Nomination: An Arundel Tomb [20 February 1956. From The Whitsun Weddings]
My choice of ‘Poem of the Month’ wavered for a while between Philip Larkin’s ‘Church Going’ and his ‘An Arundel Tomb’. (I’m especially interested in ecclesiastical buildings and all they represent.) In the end, though, I’ve chosen the latter, which I’ve admired ever since I first discovered a beautifully inscribed copy of it in Chichester Cathedral, displayed adjacent to where “The earl [of Arundel] and countess [Eleanor, his second wife] lie in stone”.
The poet pinpoints one distinctive feature of the sculpture in particular, drawing us back into “pre-baroque” history and then highlighting subsequent changes in society – throughout which his subjects “rigidly persisted”, while “up the paths the endless altered people came”.
The poem and what it depicts have a strong, personal resonance for me.

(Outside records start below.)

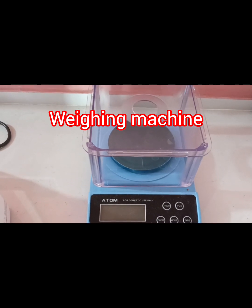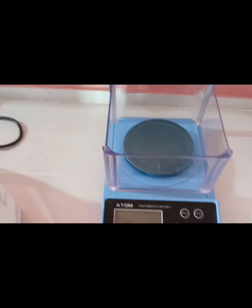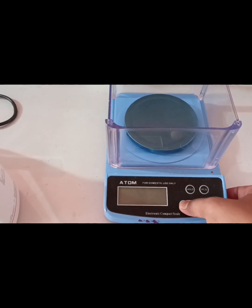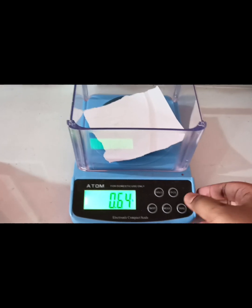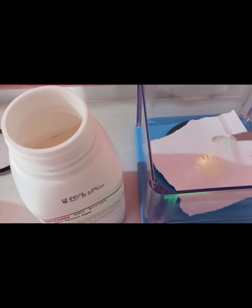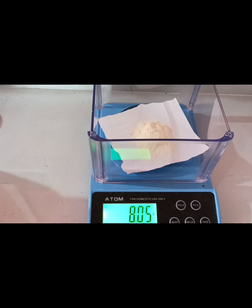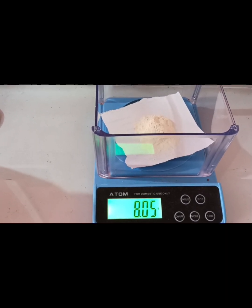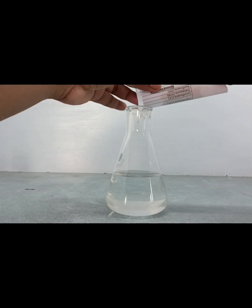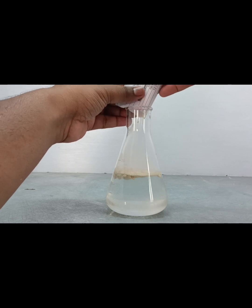We have to measure the agar powder using the weighing machine. First we open the lid and switch on the weighing machine. After that, place a paper on it and set to zero. We are measuring Mueller Hinton agar powder and finally taking 8 grams of Mueller Hinton agar powder.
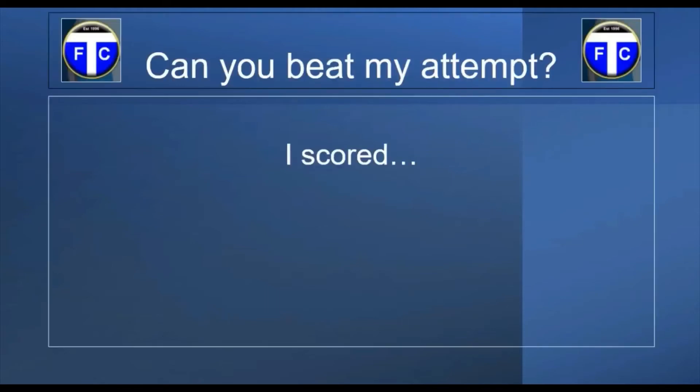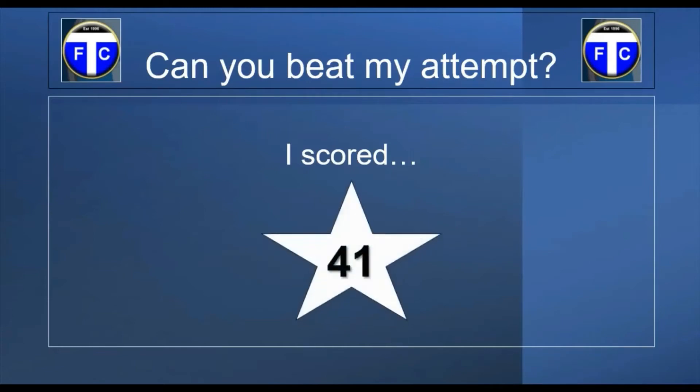So boys and girls, you've just seen my attempt at Fast Feet. How do you think I got on? To be honest, you're probably sitting there thinking he didn't do very good — and you're probably not wrong. But what do you think I scored? Did you keep count? I tried my best and hopefully I counted correctly, but I scored a grand total of 41.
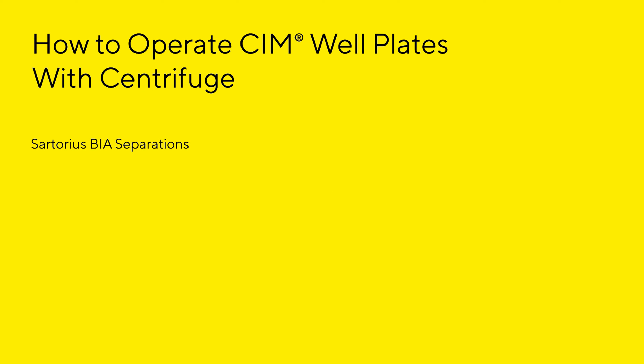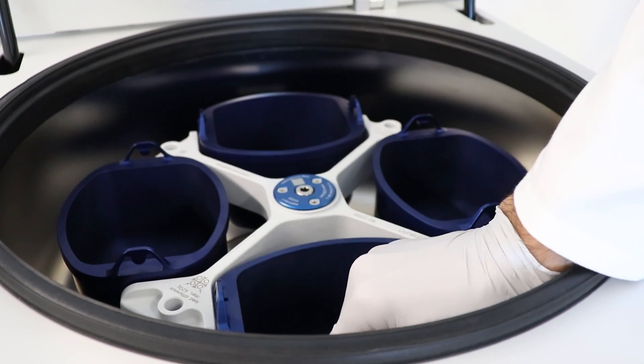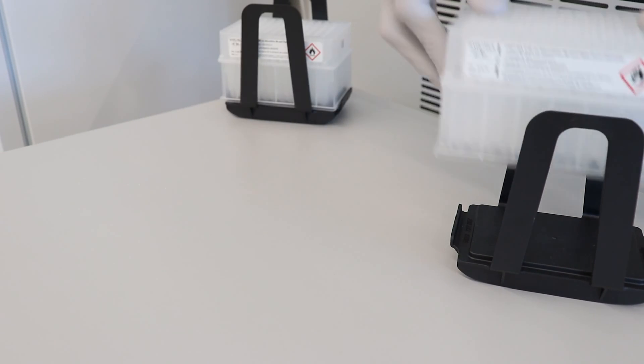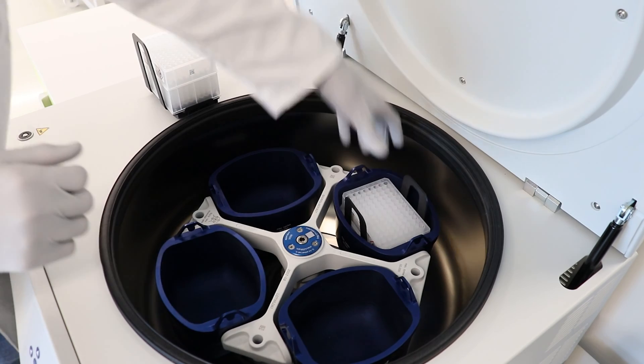When operating the plates with a centrifuge, make sure your rotor and bucket are compatible with deep well plates. Start by positioning the monolithic plate above the collection plate and carefully place both in the rotor's plate carrier. Put the assembled package into the rotor's bucket.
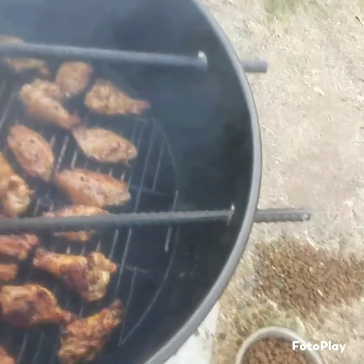They look amazing. Just put the sauce on them. Closing the lid for a little bit. Smells amazing, look amazing. Final step — pull them out, they're ready to go. Looking bomb. Enjoy.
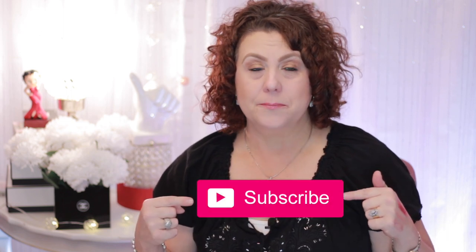And that is it for my favorites. Thank you so much for joining me today. Don't forget to give me a thumbs up, subscribe, and click on that little bell icon so that you're notified of all future videos. Thank you so much for joining me, and I'll talk to you soon. Bye.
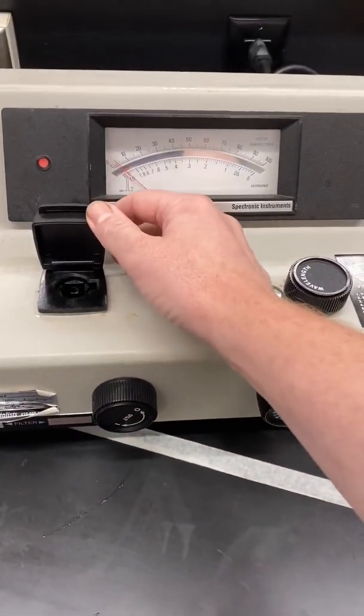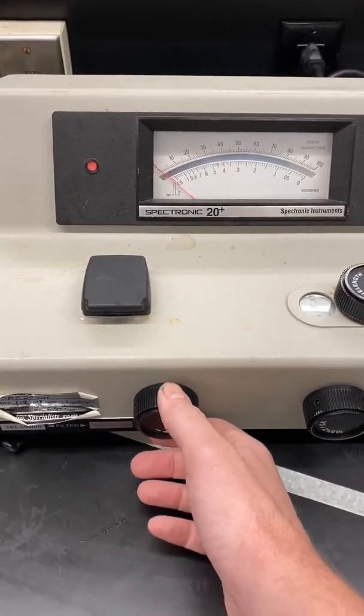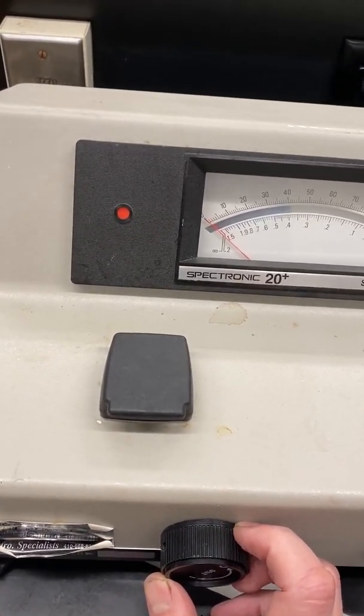Then, with nothing in the sample compartment but the compartment lid closed, use the left knob on the front to set the percent transmittance reading — which is the top scale — to exactly zero.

I spent 1969-70 at Bishop Otter College in Chichester, which had close links with the cathedral there – where I experienced works of religious art that had been brought into being through Walter Hussey, Dean of Chichester, 1955-77. His life has long inspired me. I first ‘inherited’ his artistic legacy in the ’60s as a member of the choir at St Matthew’s Church, Northampton – home of Henry Moore’s Madonna and Child and Graham Sutherland’s Crucifixion. These had both been commissioned during Hussey’s time as Vicar of St Matthew’s, 1937-55 – as had some of the music I sang. Several other choral works were written for this church during my time there, and Hussey’s unique legacy lives on in Northampton and Chichester in the art and music that have continued to be commissioned for both establishments.
By chance, during my college year in Chichester I was once fortunate, at a service in the cathedral, to introduce Dean Hussey to my parents; they attended St Matthew’s and keenly supported all my musical endeavours. ‘An Arundel Tomb’ transports me into a wider world; the ending of this wonderful poem is one of the most moving I know in all poetry.